Once the secondary server becomes the active server, switching back to the primary server generally will require a manual authorization as the condition that caused the failover would need to be properly evaluated to ensure there is no possibility for reoccurrence of that event which would unnecessarily disrupt active communications. The manual switchover can be controlled through the System Administration application.
Failover Criteria
In normal operations, the primary server is always the active server. In general as long as the communications link between the primary and secondary server is connected, the primary server will remain as the active server. When a server is not the active server, logins will not be allowed. There are many different scenarios that can result in a failover event. The most common are as follows:
Communication link between primary and secondary servers lost due to
primary server failure:
In this simplest scenario, the secondary server would recognize the loss of the
primary server and immediately become the active server.
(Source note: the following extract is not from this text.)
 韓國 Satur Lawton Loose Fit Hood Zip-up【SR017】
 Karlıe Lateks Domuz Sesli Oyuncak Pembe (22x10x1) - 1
All clients would also
recognize the loss of the primary server and would immediately reconnect to the
secondary server.
Communication link between primary and secondary servers lost due to
failure of network infrastructure:
In this scenario, the secondary server would recognize the loss of the primary
server and immediately become the active server. Since the primary server is
still running, it too would also still consider itself to be the active server.
However, if the network failure also resulted in the simultaneous loss of the
majority of connected Telex PTToC clients the primary server will deactivate itself
forcing all remaining clients to connect to the secondary server.
Communication link between primary and secondary servers is not lost but
partial failure of network infrastructure:
In this scenario, the partial network failure may result in the loss of a large
portion of the Telex PTToC clients. In this case the primary server will inform the
secondary server to activate allowing connections to be made. If the secondary
server reports the client connection were established the primary server will
deactivate itself forcing all remaining clients to connect to the secondary server.
Summary
The Telex PTToC Failover support is an integral part of any mission critical communications solution. While its operation will never be visible to the end user, it availability in the case of an unforeseen catastrophic primary server failure will quickly restore communications capability.